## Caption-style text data
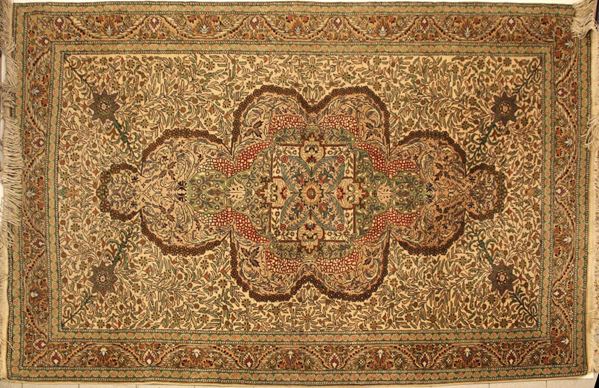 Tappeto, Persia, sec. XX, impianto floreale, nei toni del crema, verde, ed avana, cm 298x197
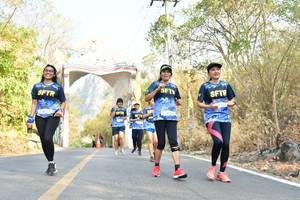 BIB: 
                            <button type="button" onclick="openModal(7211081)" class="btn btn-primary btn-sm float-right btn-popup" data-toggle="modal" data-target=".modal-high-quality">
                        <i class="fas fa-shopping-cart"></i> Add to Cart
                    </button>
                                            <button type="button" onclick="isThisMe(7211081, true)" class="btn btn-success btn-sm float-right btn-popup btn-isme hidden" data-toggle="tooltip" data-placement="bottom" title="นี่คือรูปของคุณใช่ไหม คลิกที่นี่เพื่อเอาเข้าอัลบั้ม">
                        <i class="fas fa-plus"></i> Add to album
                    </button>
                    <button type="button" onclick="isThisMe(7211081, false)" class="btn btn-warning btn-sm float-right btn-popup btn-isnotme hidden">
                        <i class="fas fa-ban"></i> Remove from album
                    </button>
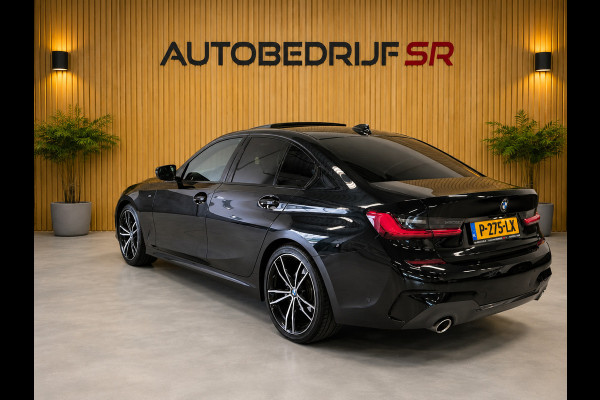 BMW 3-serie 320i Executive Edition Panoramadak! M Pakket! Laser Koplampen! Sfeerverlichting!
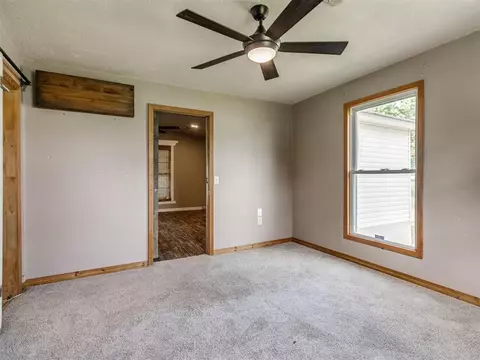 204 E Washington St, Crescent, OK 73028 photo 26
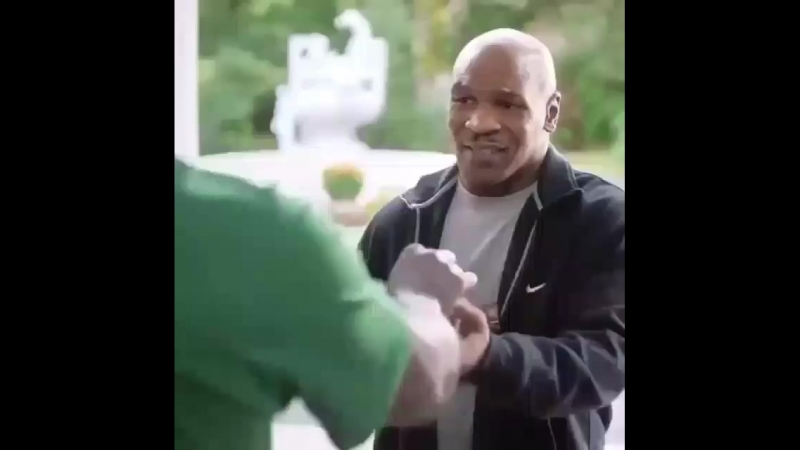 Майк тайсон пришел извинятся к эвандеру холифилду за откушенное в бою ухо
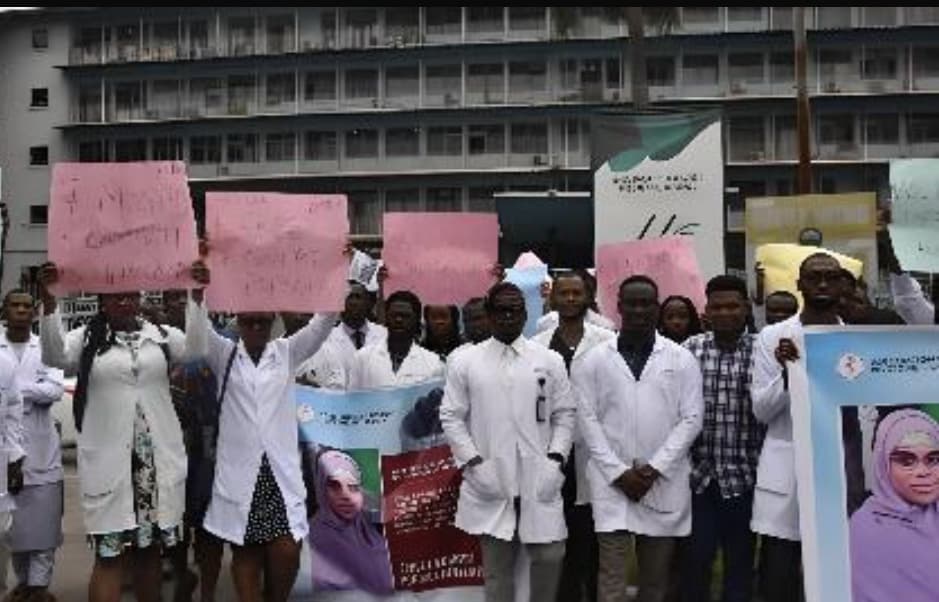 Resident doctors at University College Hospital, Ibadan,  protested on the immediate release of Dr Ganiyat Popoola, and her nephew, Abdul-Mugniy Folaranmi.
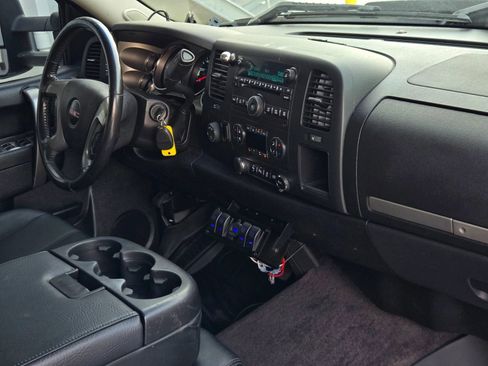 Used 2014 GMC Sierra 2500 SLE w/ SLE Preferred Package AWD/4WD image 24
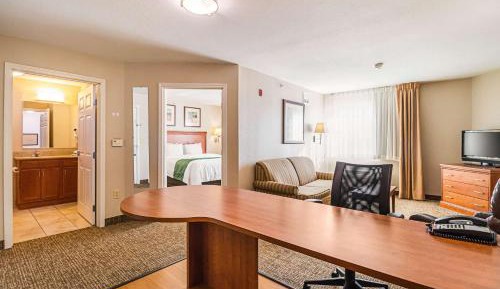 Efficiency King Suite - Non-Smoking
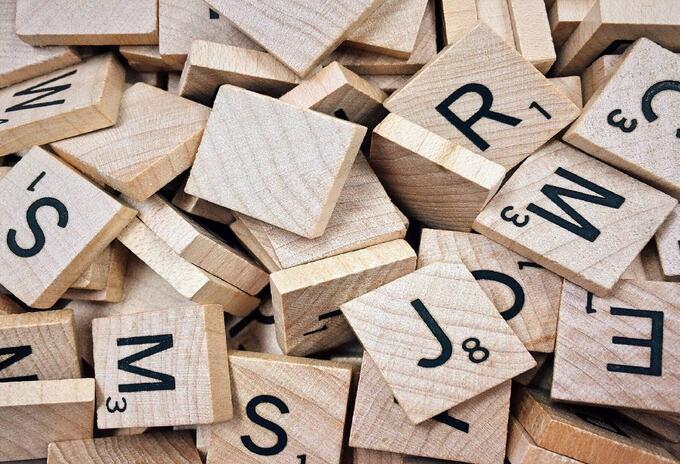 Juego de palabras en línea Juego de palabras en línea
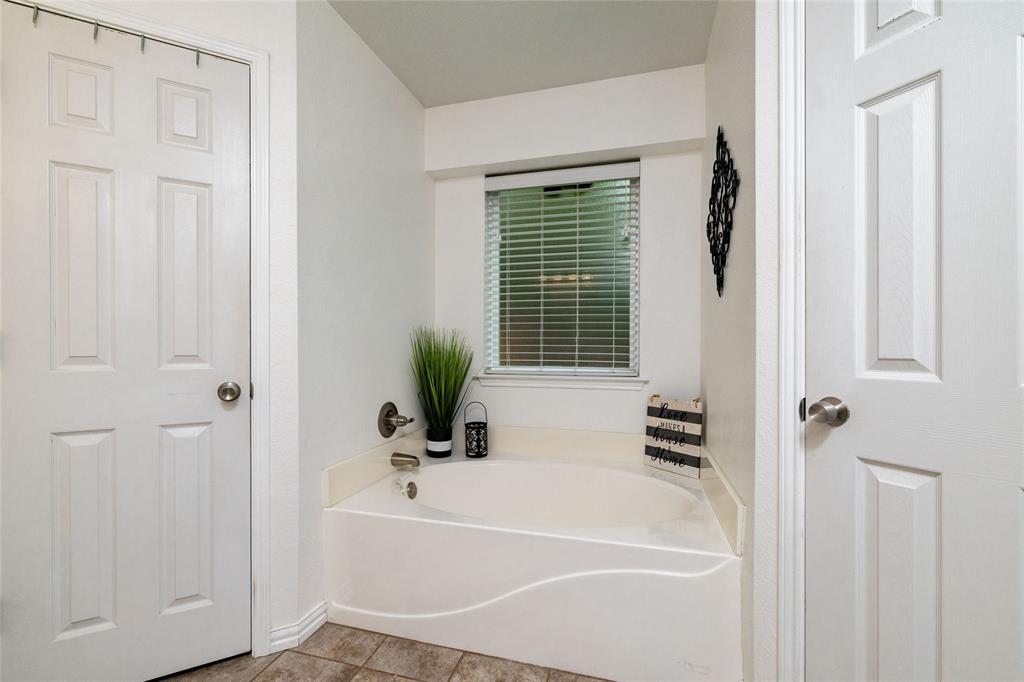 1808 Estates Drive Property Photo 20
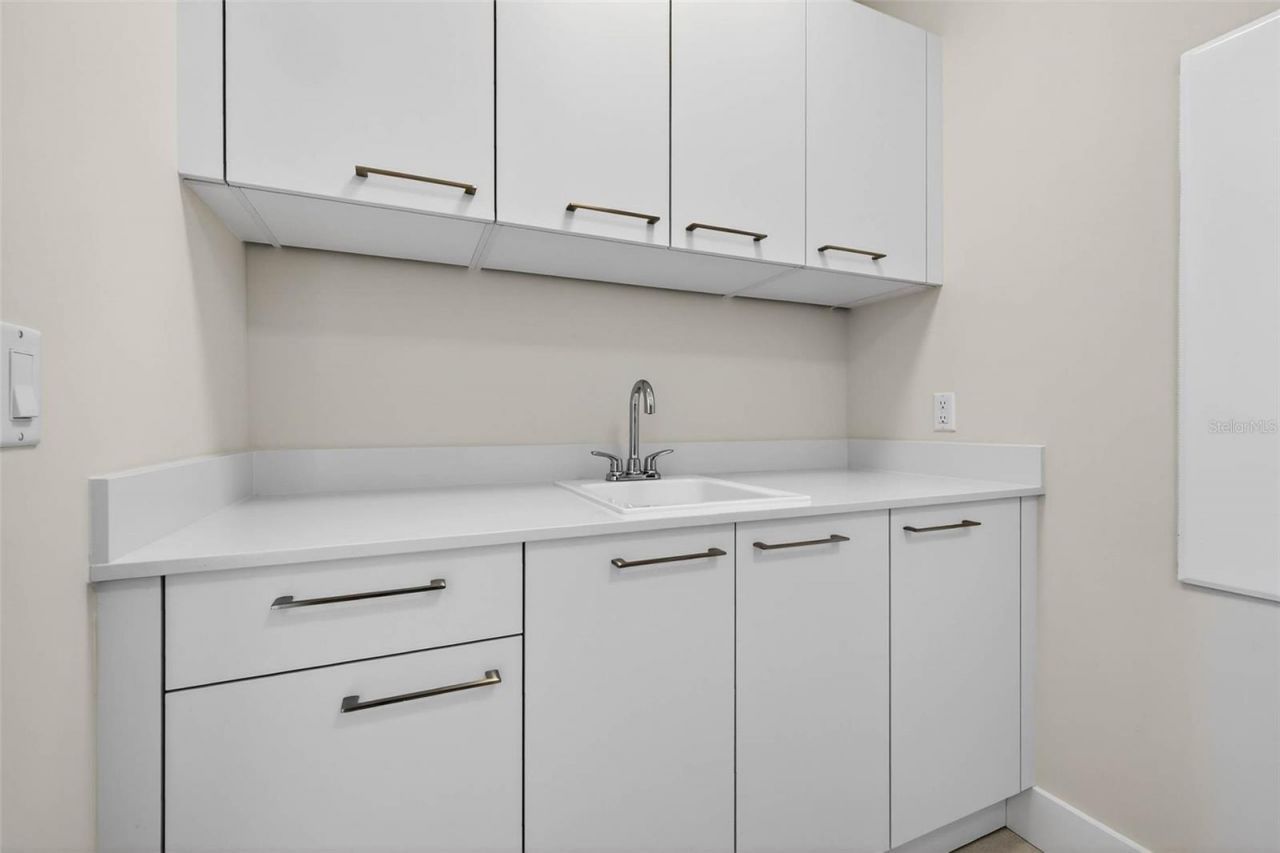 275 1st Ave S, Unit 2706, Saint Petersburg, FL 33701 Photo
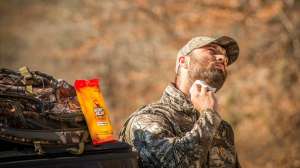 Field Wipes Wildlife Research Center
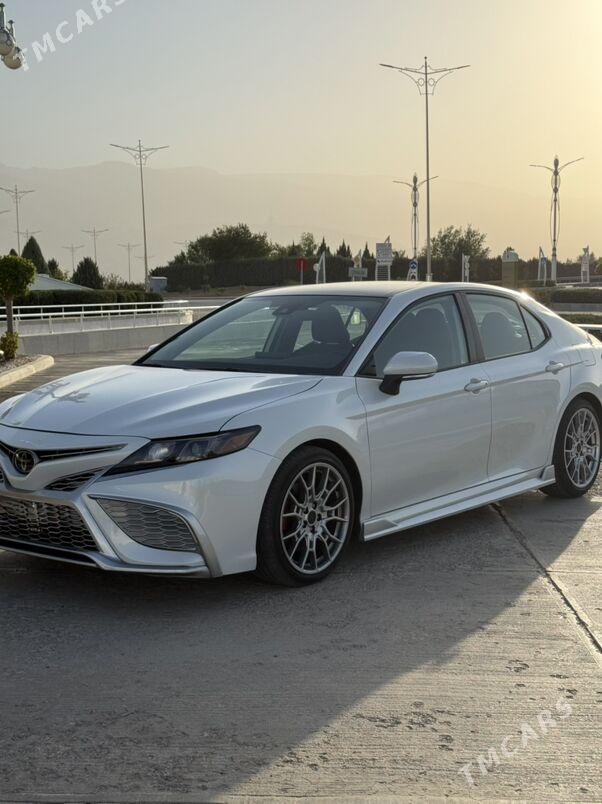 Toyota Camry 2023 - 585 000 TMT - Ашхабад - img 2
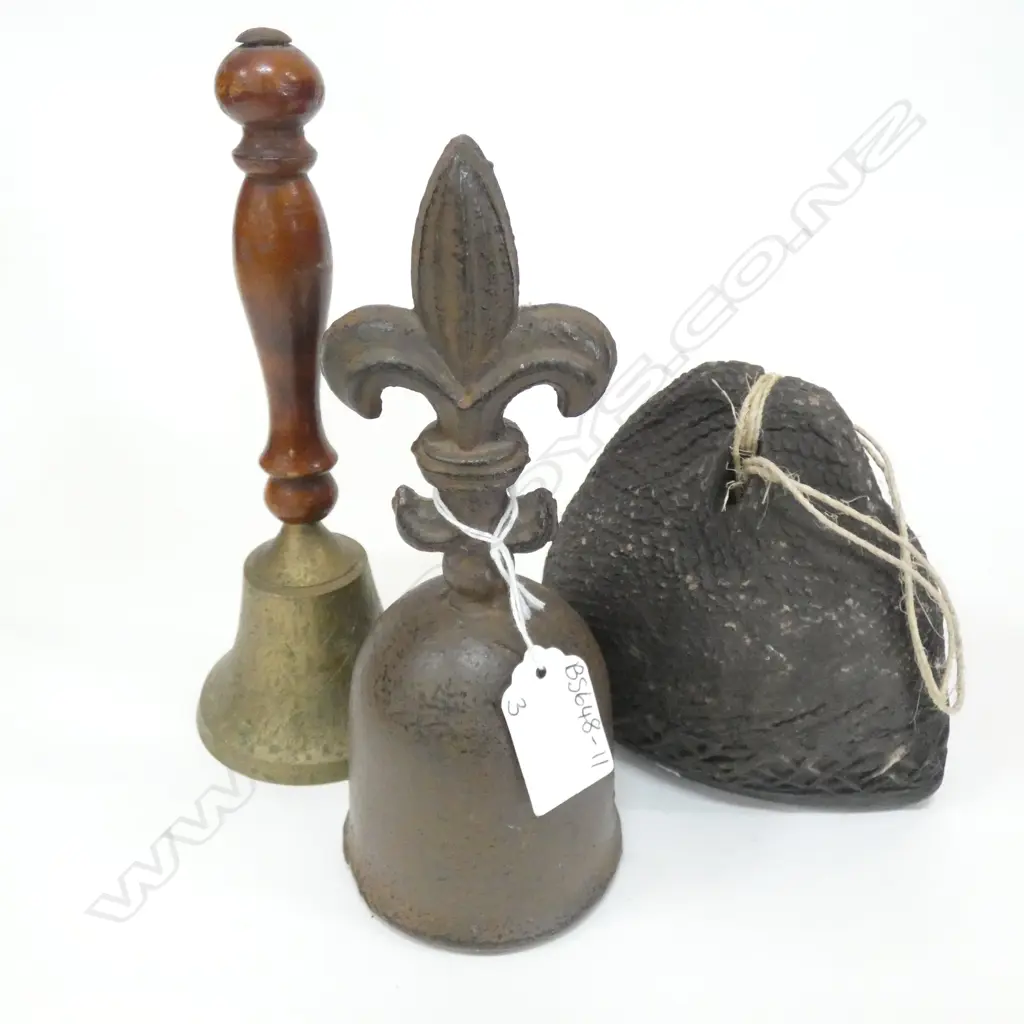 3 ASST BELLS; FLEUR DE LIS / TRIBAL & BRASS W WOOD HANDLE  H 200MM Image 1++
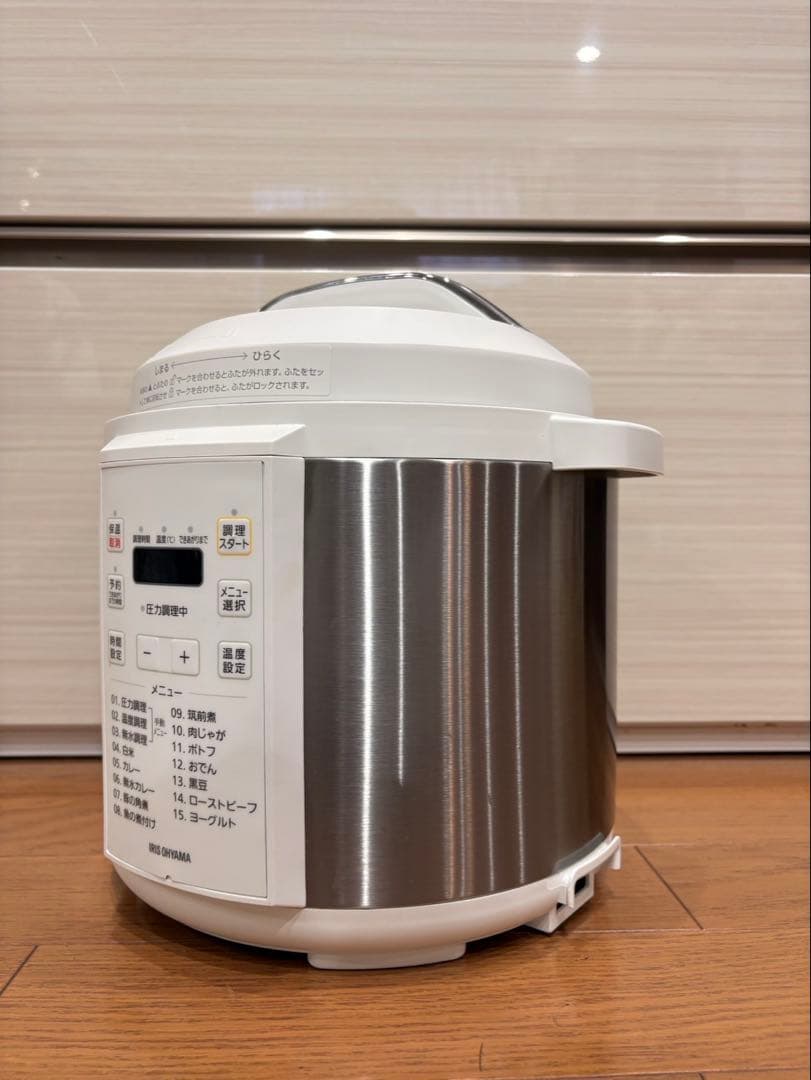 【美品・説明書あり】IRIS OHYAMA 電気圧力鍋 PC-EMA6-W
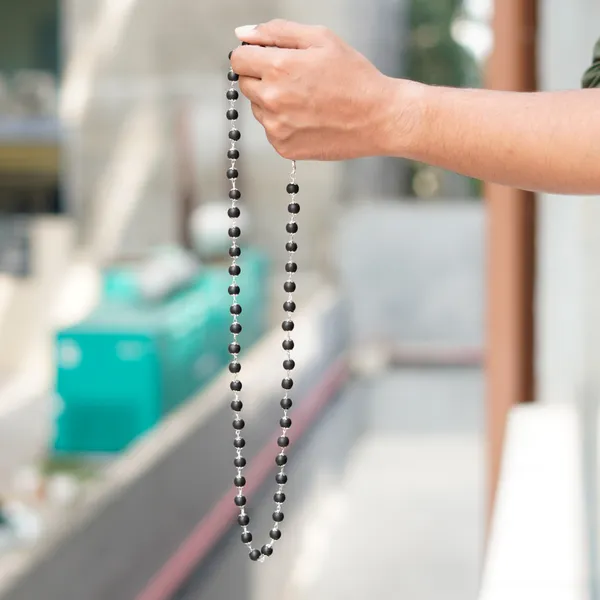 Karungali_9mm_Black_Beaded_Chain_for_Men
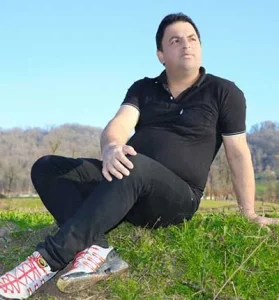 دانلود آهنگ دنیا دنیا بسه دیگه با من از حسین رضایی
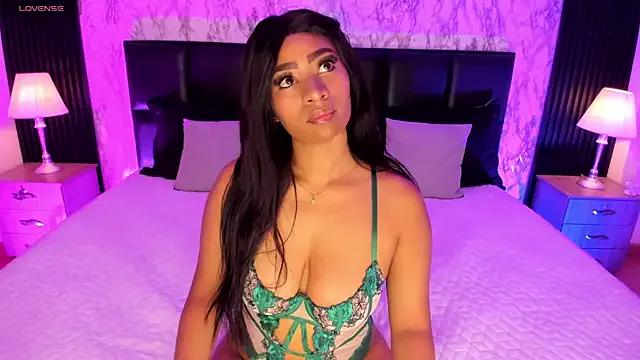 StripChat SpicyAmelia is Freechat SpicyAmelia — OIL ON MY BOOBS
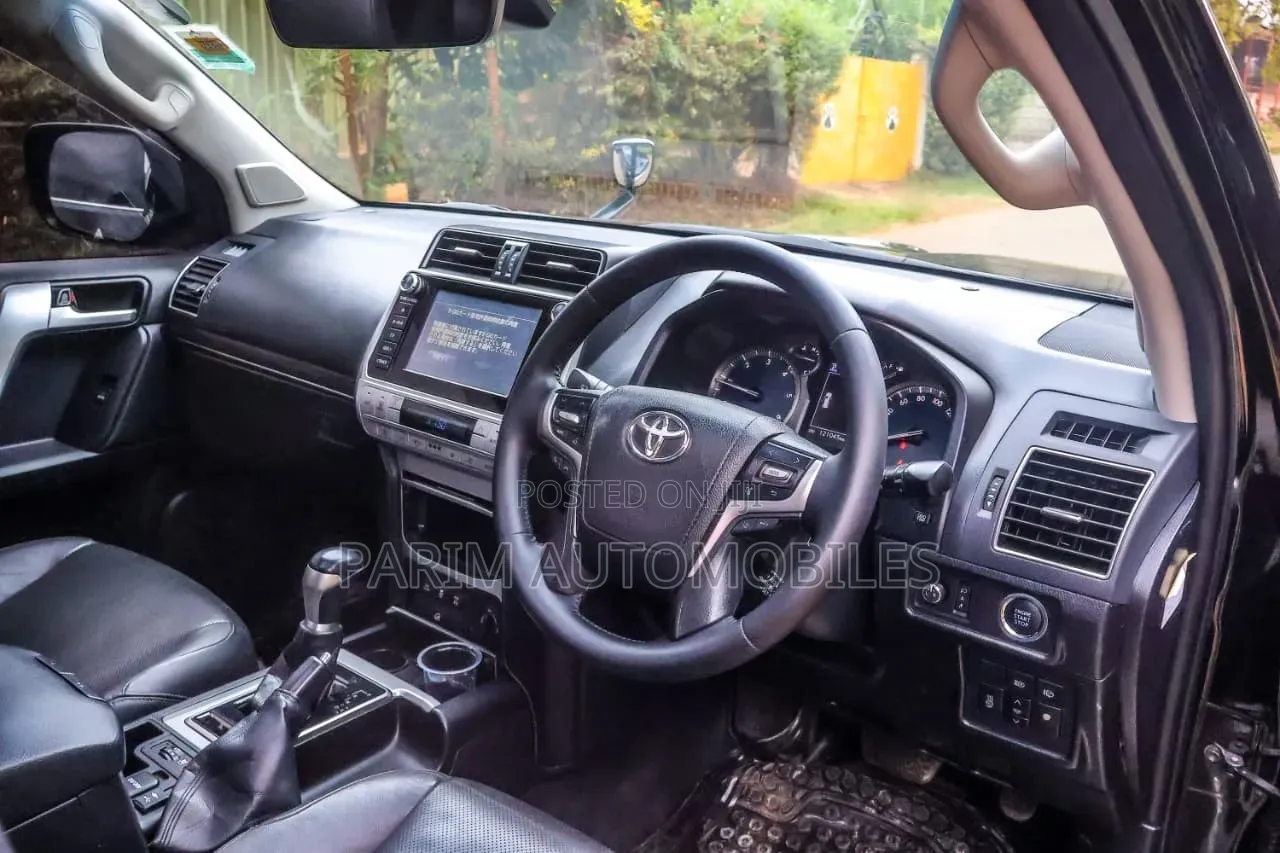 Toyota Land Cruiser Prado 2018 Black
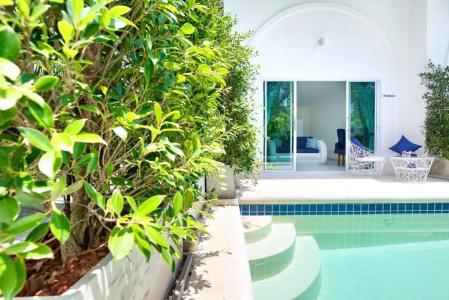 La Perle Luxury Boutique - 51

## Exercise details
Set down, word for word, only the lines running from the line with "Karungali_9mm_Black_Beaded_Chain_for_Men" through the final line of the entries above, omitting all pictures.

## Response for this exercise
 Karungali_9mm_Black_Beaded_Chain_for_Men
 دانلود آهنگ دنیا دنیا بسه دیگه با من از حسین رضایی
 StripChat SpicyAmelia is Freechat SpicyAmelia — OIL ON MY BOOBS
 Toyota Land Cruiser Prado 2018 Black
 La Perle Luxury Boutique - 51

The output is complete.